Provisioning Kubernetes clusters is a fundamental task for anyone managing containerized applications, and Rancher offers two powerful, opinionated distributions for this: K3s and RKE2.
Let’s see a cluster come to life. Imagine you’ve logged into your Rancher instance, navigated to Cluster Management, and clicked "Create Cluster." You’re presented with a choice: RKE2/K3s or Hosted Kubernetes. We pick RKE2/K3s.
The first critical decision is where the cluster will run: "Cloud Providers," "VMware vSphere," or "Custom." For this demo, we’ll choose "Custom." This means Rancher won’t auto-provision infrastructure; instead, it expects you to have existing nodes ready to join.
Next, you select your Kubernetes distribution: RKE2 or K3s. RKE2 is designed for production, hardened, and has a strong focus on security. K3s is a lightweight, certified Kubernetes distribution perfect for edge, IoT, and development. We’ll select RKE2.

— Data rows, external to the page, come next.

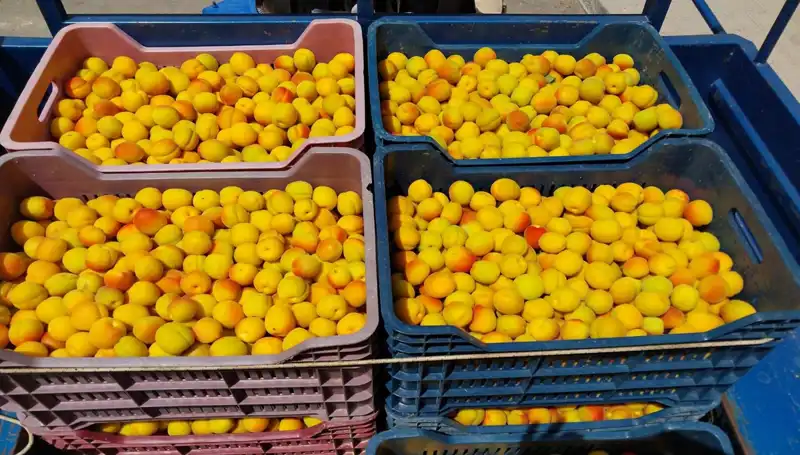 İlk Hasat Sonrası Çiftçiden Beklenmedik Gelir: 500 TL'den Alıcı Buldu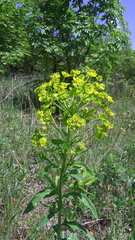 Euphorbia salicifolia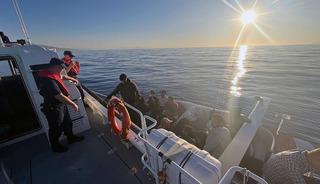 Datça’da 1 göçmen kaçakçısı yakalandı, 15 düzensiz göçmen kurtarıldı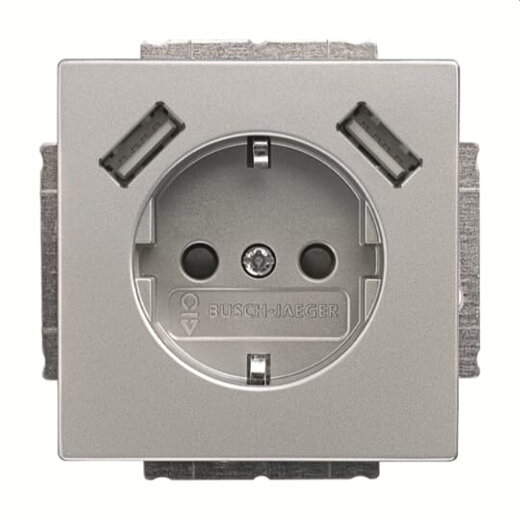 Busch-Jaeger Doppelsteckdose SCHUKO 20 EUCB2USB-866 2x USB stainless steel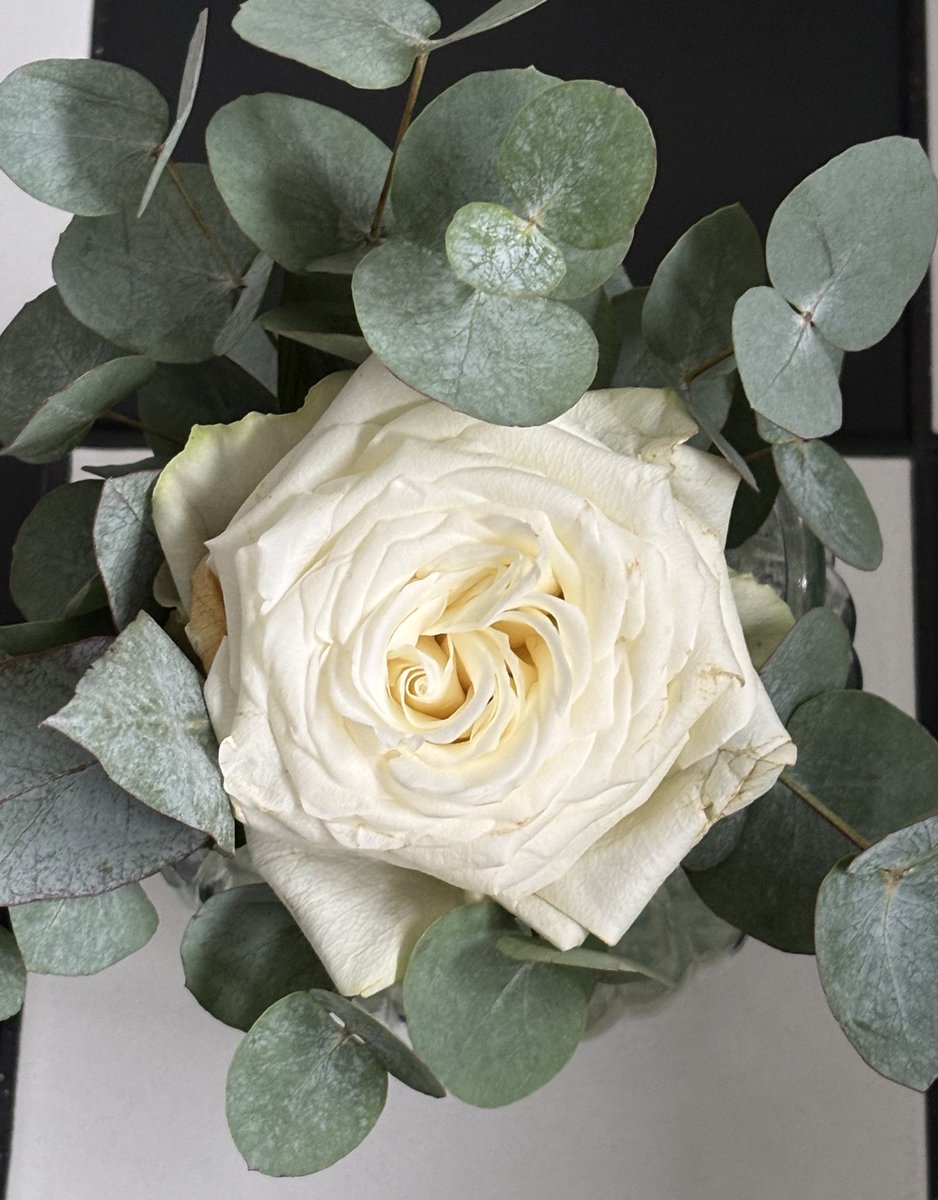 Bissl Augenpflege für die Timeline ✨

#schönesgegendoofes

Now, you configure the cluster itself. You give it a name, like rke2-prod-cluster. You choose a Kubernetes version. For RKE2, the default is often the latest stable, but you can pin it to a specific version for consistency. Then, you set the CNI (Container Network Interface). The default is typically Canal (a combination of Calico and Flannel) for RKE2, which provides robust network policies.
The core of provisioning via "Custom" involves providing node registration commands. Rancher displays two sets of commands: one for the "Server" nodes (which act as control plane and etcd) and one for "Agent" nodes (which run your workloads).
Here’s a typical Server node command you’d see:
curl -sfL https://get.rke2.io | sudo INSTALL_RKE2_TYPE="server" sh -
sudo systemctl enable rke2-server
sudo systemctl start rke2-server
sudo rke2 server --cluster-init --token=YOUR_SUPER_SECRET_TOKEN --node-ip=192.168.1.100
And for an Agent node:
curl -sfL https://get.rke2.io | sudo INSTALL_RKE2_TYPE="agent" sh -
sudo systemctl enable rke2-agent
sudo systemctl start rke2-agent
sudo rke2 agent --server=https://YOUR_RANCHER_NODE_IP:9345 --token=YOUR_SUPER_SECRET_TOKEN
You’d execute these commands on your pre-provisioned VMs or bare-metal servers. The INSTALL_RKE2_TYPE variable tells the installer whether to set up a control plane/etcd node or a worker node. The --cluster-init flag on the first server node is crucial; it bootstraps the etcd cluster. Subsequent server nodes will join this existing cluster. The --token is your shared secret for node registration, and --node-ip ensures the node registers with its correct IP. The agent command points back to the Rancher server’s API port (9345) for registration.
Once the nodes are running these commands and have successfully registered, they’ll appear in the Rancher UI. Rancher then orchestrates the deployment of essential Kubernetes components like kube-apiserver, kube-controller-manager, kube-scheduler, and etcd (for RKE2 server nodes), and kubelet and kube-proxy on all nodes.
The mental model here is that Rancher acts as a sophisticated orchestrator. It doesn’t run Kubernetes itself; it tells your machines how to run it. For custom deployments, it provides the bootstrap commands and then monitors the registered nodes, ensuring the necessary Kubernetes components are installed and configured correctly. You control the cluster’s lifecycle, versioning, CNI, and node roles through the Rancher UI and the commands it generates.
What most people don’t realize is how deeply RKE2 and K3s integrate with systemd. The systemctl enable and systemctl start commands aren’t just for initial setup; they ensure that the Kubernetes components automatically restart if a node reboots. This is a core part of their resilience.
After your RKE2 cluster is up and running, the next logical step is to explore its monitoring capabilities or deploy your first application.